Proyek pemagaran ini menggunakan anggaran dari Dinas Pendidikan dan Kebudayaan Kabupaten Subang sebesar Rp118.550.000 dengan jangka waktu pelaksanaan 45 hari kalender. Pelaksana kegiatan tercatat atas nama CV Gunung Tua.
Seorang warga sekitar yang enggan disebutkan namanya menyayangkan pelaksanaan proyek yang dianggap tidak sesuai aturan tersebut.
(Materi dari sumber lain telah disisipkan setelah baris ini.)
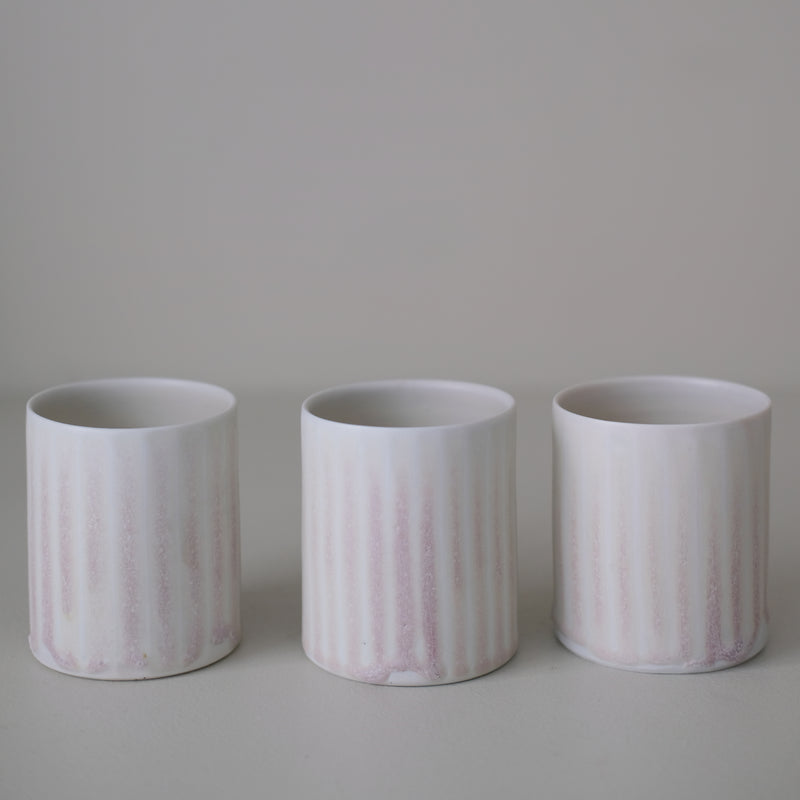 Tasse en porcelaine 230 ml cuisson feu - lila 01 de Ambre Hervo chez Brutal Ceramics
“Seharusnya, Pondasi lama dibongkar dulu, bukan ditumpuk begitu saja. Kalau seperti ini, bangunannya tidak akan awet,” ungkapnya.
Warga menduga pelaksana proyek lebih mengutamakan keuntungan dibanding kualitas hasil pekerjaan. Mereka menilai pengerjaan proyek terkesan asal-asalan dan tidak menunjukkan tanggung jawab moral terhadap penggunaan dana publik.
Masyarakat berharap Dinas Pendidikan Kabupaten Subang tidak menutup mata terhadap dugaan pelanggaran ini. Mereka meminta pengawasan yang lebih ketat terhadap seluruh proyek pembangunan sekolah yang dibiayai oleh anggaran negara.
“Kami minta Kadis, Kabid, dan pengawas dari Dinas Pendidikan segera turun ke lapangan dan menindak tegas kontraktor yang bekerja tidak sesuai ketentuan,” tegas salah satu warga.